O Cidade Alta são vários conjuntos residenciais, como o Residencial Cidade Alta Luizão Agostini, com 722 casas, o Residencial José Primo Grizzo, com 500 casas, Residencial José Perez, que chega a 149 casas, Condomínio Pedro Ferreira, com 186 casas, e o Condomínio Gilberto Griso, de 196 casas, todos do Minha Casa Minha Vida (MCMV), do governo federal, com investimento previsto de R$ 210 milhões e prazo de conclusão de 18 meses. A empresa Ecovita, de Bauru, vai fazer as construções das residências.

O Residencial Cidade Alta é o maior dos empreendimentos, voltado para a faixa 1 do MCMV, para famílias com renda bruta de até R$ 1.800,00. Os outros são para a faixa 1,5 do MCMV, para famílias com renda bruta de até R$ 2.600,00 e subsídio do governo federal. No caso dos condomínios, a Secretaria de Habitação de Jaú cita que as casas já foram vendidas e a construção já começou.
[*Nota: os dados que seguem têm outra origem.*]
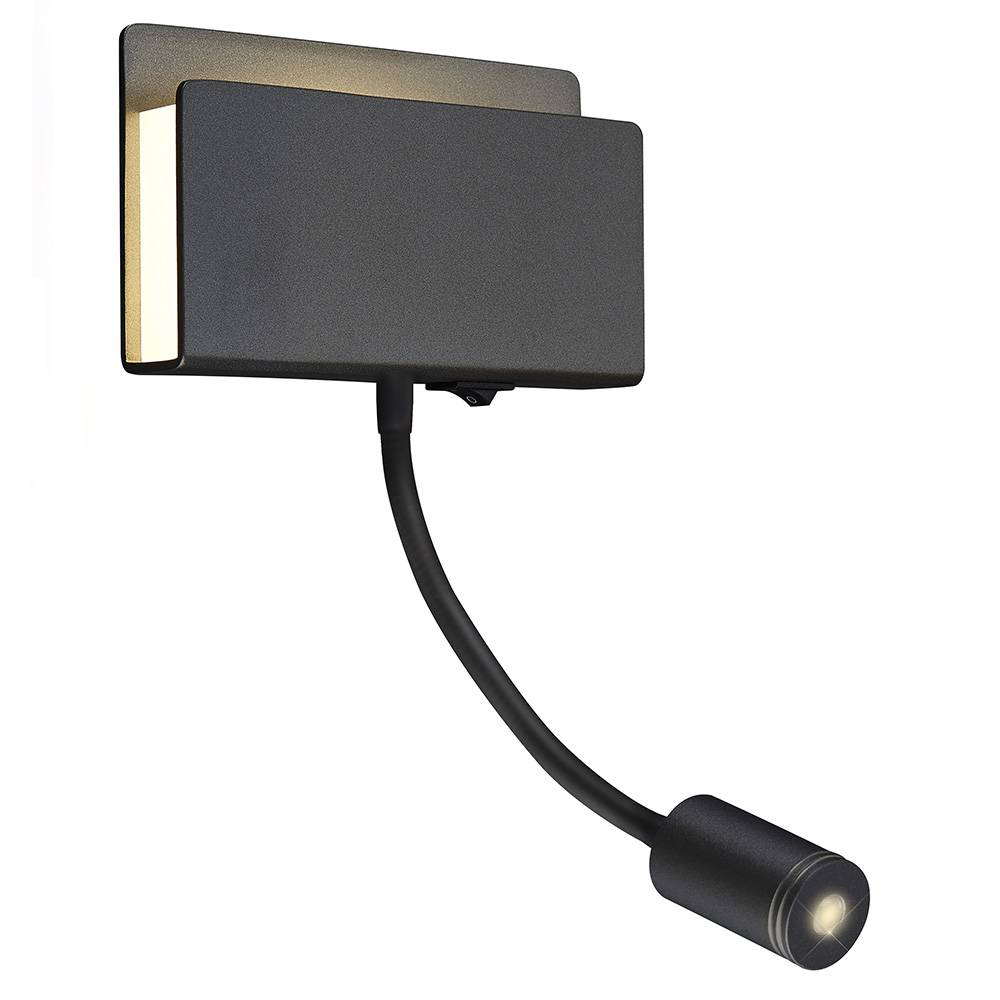S.Luce Mantra Cabarete LED-Wandleuchte mit Spotlight Lagerräumung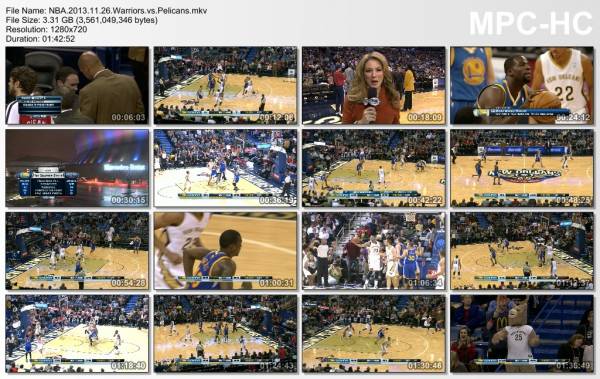 26.november 2013	New Orleans - Golden State   101-102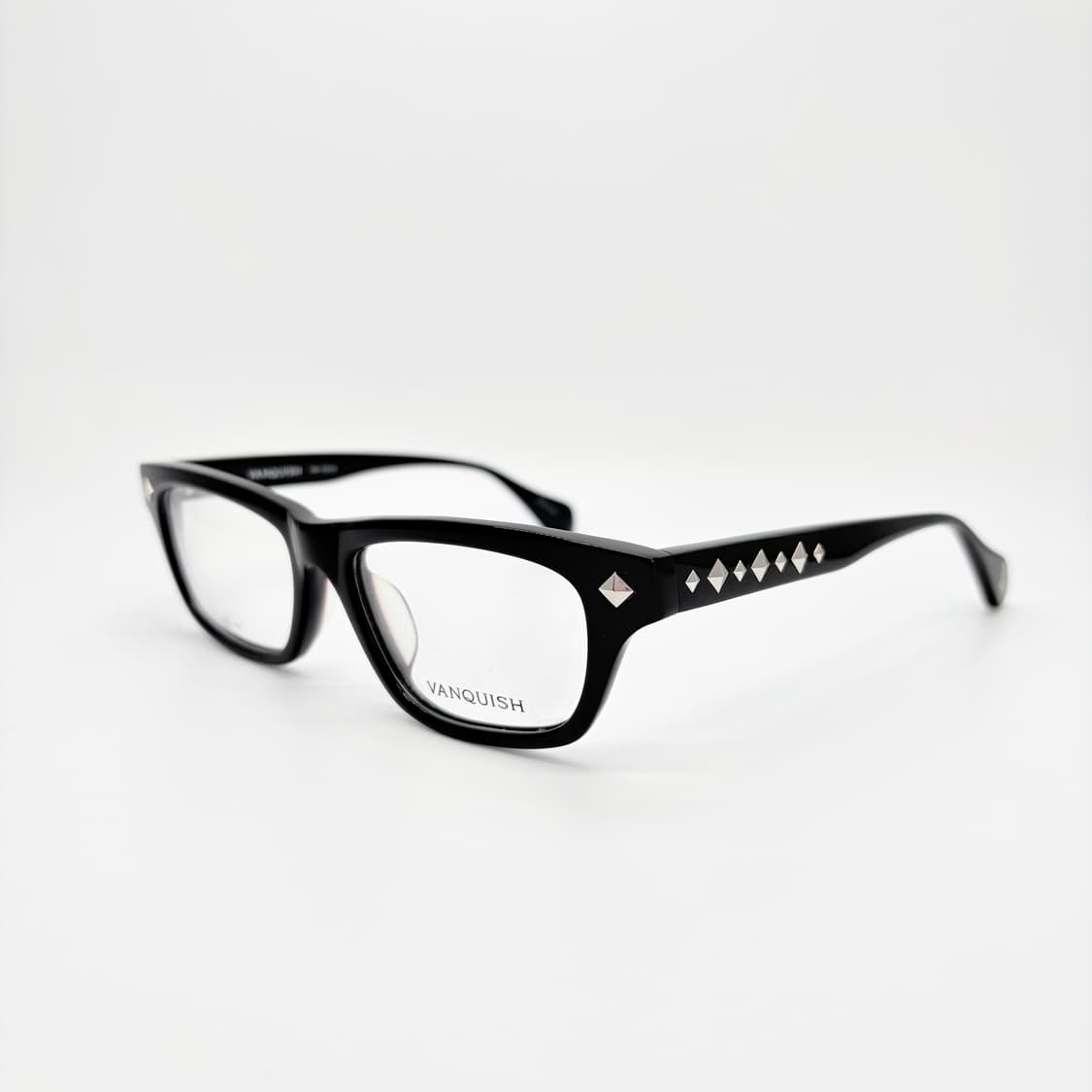 VANQUISH 뱅퀴시 블랙 스터드 뿔테  상품이미지1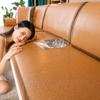 Rattan Mat Sofa Cushion Summer Mat Summer Living Room Four Seasons Universal Cushion Ice Silk Non-Slip Sofa Cover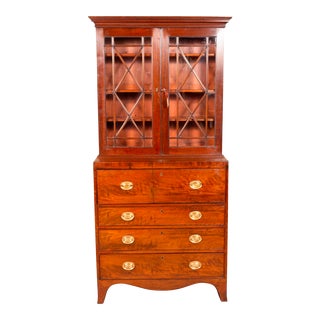 George III Mahogany Secretaire For Sale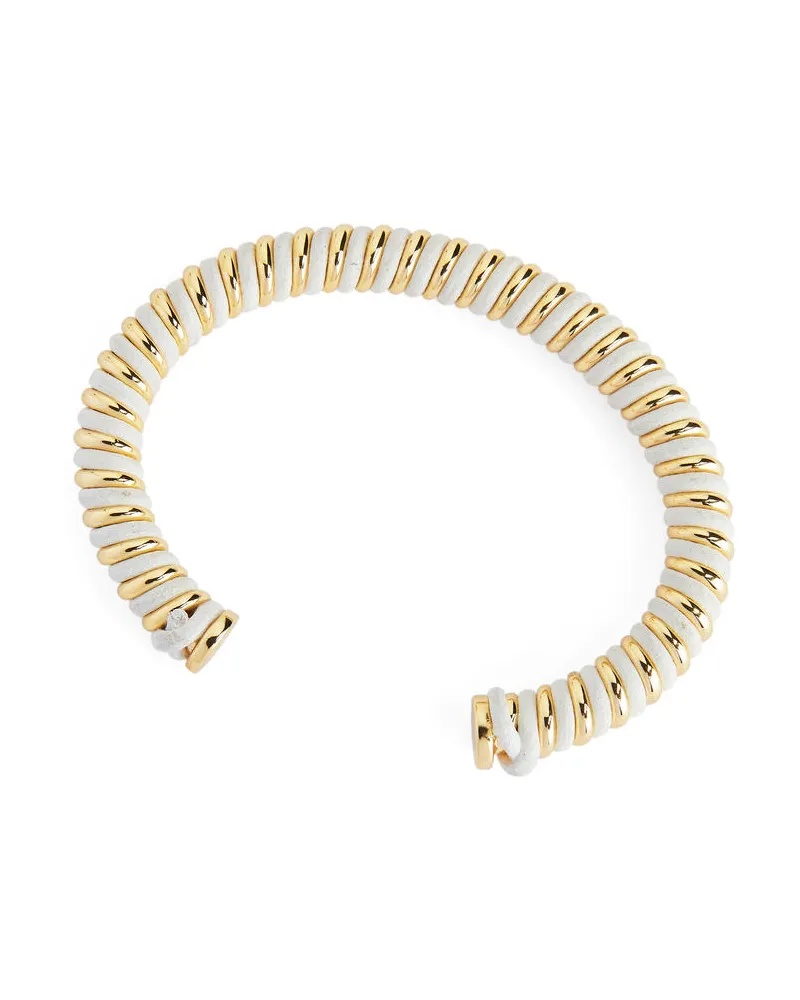 Arket Armreif Mit Twist-Detail - Goldfarben|Weiß|Mehrfarbig Gold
No ano que vem, mais 875 casas serão construídas em Jaú pelo programa, afirmou o prefeito nessa sexta-feira (21).

Ainda participaram os prefeitos de Pederneiras, Vicente Minguili; de Torrinha, Ronaldo Gasparello; de Boraceia, Marcos Bilancieri; e de Barra Bonita, Zequinha Ricci, o gerente regional da Caixa Econômica Federal, José Orlando Garla, e os sócios da Ecovita, Lourenço Ranieri, Elaine Simões e Abner Ribeiro. Após o discursos, as placas foram levadas ao local onde ficarão, na avenida Lauro Fraschetti.

ESTRUTURA

O prefeito Rafael Agostini lembra que os residenciais vão contar com toda a estrutura, como galerias, asfalto, iluminação, unidades de saúde e ensino, e o governo federal vai liberar recursos para a construção de uma área de esportes. “Em nossos dois governos, vamos entregar ao todo 4 mil casas, e este é o maior programa habitacional que já foi feito em Jaú, e a prefeitura vi arcar com parte da estrutura. Ainda temos um déficit de moradias, que estamos procurando reduzir com essas ações”, detalha. O sócio da Ecovita, Lourenço Ranieri, afirma que em 18 meses as obras serão entregues. “No caso dos condomínios, as construções já estão em andamento, e no Cidade Alta ainda vamos começar”, lembra.